Elbette ki, Yunanistan’ın bu yaptıkları, Yunan emeli ve ABD’nin güncel Türkiye yaklaşımı ile birlikte mütalaa edildiğinde, Türkiye açısından ciddi endişeye yol açıyor. Bunda bir tereddüt yok. Ve bunu, daha önce linkedin üzerinden birkaç kez ele almış ve yorumlamıştım.
ABD, Yunanistan’daki ileri yığınaklanmasının Rusya’ya yönelik olduğunu söylüyor, Türkiye’ye yönelik olduğuna dair bir açıklaması bildiğim kadarıyla yok. Böyle bir açıklama olamaz da… ABD’den Girit’te ve Batı Trakya’da artan askeri varlığının Türkiye’ye yönelik olduğunu söylemesi beklenebilir mi? Mümkün değil. Çünkü uluslararası ilişkilerin yerleşik işleyişi de, BM sistemi de, tarafları bağlayan mevcut ve yürürlükteki uluslararası düzenlemeler de, bunu himaye etmez, buna manidir ve uluslararası toplum da, Dünya kamuoyu da bunların farkındadır. Ukrayna’da devam eden bir sıcak çatışma var ve ABD, bu çatışmada, gerçekte Rusya’nın karşısında olan asıl aktördür. Bu ortada/açık olduğu için, ABD, Yunanistan’daki askeri yığınaklanmasının Rusya’ya yönelik olduğunu söyleyebiliyor. Ancak bütün bunlardan, ABD’nin Yunanistan’da artan askeri varlığının Türkiye ile bir alakasının olmadığı da çıkarılamaz.
ABD’nin Dedeağaç-Kavala limanlarını da içeren Batı Trakya’da artan askeri varlığı, Batı Trakya’ya bitişik, Karadeniz’e açılan Bulgaristan ile birlikte de mütalaa edilmelidir.

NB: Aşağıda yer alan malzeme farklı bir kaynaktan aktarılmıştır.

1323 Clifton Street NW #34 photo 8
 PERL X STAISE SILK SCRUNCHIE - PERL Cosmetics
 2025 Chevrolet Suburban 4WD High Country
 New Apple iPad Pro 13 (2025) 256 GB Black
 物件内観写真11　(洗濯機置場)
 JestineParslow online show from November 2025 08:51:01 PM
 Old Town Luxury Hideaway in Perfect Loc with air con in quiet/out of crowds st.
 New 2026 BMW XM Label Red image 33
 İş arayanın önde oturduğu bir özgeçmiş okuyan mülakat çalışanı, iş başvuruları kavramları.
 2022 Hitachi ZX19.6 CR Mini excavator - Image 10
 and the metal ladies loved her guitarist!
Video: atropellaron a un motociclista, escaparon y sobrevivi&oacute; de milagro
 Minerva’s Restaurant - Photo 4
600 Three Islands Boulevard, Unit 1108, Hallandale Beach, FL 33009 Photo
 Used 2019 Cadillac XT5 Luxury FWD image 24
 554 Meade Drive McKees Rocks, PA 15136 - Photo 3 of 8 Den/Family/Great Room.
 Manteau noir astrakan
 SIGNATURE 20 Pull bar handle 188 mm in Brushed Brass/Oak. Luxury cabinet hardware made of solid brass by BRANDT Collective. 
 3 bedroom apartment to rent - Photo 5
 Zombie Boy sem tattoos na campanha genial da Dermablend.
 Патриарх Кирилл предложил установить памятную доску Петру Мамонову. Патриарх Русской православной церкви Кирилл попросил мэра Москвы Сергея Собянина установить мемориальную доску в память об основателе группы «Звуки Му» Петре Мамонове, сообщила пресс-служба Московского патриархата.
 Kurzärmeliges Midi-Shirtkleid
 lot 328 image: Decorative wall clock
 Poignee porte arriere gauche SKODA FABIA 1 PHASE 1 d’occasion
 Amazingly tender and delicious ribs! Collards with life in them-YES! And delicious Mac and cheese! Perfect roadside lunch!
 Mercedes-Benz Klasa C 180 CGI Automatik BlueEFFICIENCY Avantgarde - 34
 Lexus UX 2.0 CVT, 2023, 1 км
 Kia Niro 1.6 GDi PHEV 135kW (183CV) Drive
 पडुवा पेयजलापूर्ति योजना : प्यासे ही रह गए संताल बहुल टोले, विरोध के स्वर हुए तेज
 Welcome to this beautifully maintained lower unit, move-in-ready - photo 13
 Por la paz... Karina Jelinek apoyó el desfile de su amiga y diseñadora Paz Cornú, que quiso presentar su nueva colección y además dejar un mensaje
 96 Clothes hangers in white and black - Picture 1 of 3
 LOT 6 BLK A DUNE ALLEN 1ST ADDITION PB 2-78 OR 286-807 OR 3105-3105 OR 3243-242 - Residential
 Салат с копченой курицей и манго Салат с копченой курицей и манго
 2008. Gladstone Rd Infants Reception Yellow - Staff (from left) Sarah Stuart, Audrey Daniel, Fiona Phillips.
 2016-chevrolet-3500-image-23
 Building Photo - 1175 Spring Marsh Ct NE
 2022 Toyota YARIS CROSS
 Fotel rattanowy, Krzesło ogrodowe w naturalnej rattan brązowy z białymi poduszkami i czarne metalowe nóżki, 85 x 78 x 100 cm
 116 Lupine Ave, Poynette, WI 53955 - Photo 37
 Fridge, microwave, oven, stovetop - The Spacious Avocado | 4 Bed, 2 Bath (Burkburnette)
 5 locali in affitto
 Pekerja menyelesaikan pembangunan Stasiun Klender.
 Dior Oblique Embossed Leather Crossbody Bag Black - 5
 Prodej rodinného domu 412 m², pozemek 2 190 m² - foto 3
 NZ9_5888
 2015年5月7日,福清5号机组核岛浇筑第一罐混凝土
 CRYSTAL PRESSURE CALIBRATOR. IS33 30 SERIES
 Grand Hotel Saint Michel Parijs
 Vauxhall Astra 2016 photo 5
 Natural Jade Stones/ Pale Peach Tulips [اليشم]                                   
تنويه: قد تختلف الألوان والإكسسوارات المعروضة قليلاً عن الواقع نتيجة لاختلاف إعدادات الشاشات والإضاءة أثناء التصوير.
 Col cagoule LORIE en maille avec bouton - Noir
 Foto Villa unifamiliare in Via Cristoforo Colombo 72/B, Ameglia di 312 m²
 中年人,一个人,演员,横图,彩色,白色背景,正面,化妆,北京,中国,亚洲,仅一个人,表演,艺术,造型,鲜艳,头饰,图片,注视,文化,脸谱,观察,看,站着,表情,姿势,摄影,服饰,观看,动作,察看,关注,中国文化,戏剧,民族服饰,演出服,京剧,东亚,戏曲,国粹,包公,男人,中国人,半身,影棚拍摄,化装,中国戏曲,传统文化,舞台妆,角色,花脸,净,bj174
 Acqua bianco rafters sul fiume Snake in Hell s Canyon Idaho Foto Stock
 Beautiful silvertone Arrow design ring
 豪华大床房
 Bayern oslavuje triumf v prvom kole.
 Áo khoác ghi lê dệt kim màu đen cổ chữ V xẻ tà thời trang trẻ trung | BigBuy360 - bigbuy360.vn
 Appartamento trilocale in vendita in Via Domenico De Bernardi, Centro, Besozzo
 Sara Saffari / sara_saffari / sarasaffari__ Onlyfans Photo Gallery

Bu noktada, NATO’nun ABD’nin etkisine açık bir ittifak olduğunu, Yunanistan’ın ve Bulgaristan’ın NATO’ya üye olduklarını hatırlamak uygun olacaktır. Hatırlanması gerek başka hususlar da var. İkinci Dünya Savaşı sırasında, Almanlar, Sovyetleri Karadeniz’de baskı/abluka altında tutmak için, “Barbarossa Harekâtı”na konu, küçük “U” tipi 6 adet denizaltıyı nehir ve kara yolunu kullanarak Karadeniz’e taşımışlardı. Bu, Fatih’in gemileri karadan Haliç’e indirmesinin o günkü koşullarda bir versiyonu olarak görülebilecek bir uygulamaydı. Ve bugün de, hâlihazırda öyle bir görüntü olmasa da, dün Almanların Sovyetlere yaptığının bir benzerini bugün Amerikalıların Batı Trakya/Yunanistan ve Bulgaristan üzerinden Ruslara yapma peşinde olabileceği akla geliyor. Tabiatıyla bugün, ABD’nin gemi/denizaltı transferi değil de, silahlı-silahsız insansız hava araçları da dâhil her türlü silahı, teçhizatı ve mühimmatı transfer etmesi olarak düşünülebilecektir. Yani ABD’nin Yunanistan’da artan askeri varlığının hedefinde Rusya’nın olduğu görülebiliyor. Bu noktada, hatırlanması gereken bir diğer husus da, Montrö Sözleşmesi’nin getirdiği kısıtlamaların, sadece Türk Boğazları’ndan geçen/geçecek gemiler için geçerli olacağını düşünmenin, isabetli, gerçekçi ve iyi niyetli bir yaklaşım olmayacağıdır. Çünkü Montrö Sözleşmesi’ndeki esaslardan biri de, bir bütün olarak, Karadeniz’in ve Karadeniz’de kıyısı olan ülkelerin güvenliğidir.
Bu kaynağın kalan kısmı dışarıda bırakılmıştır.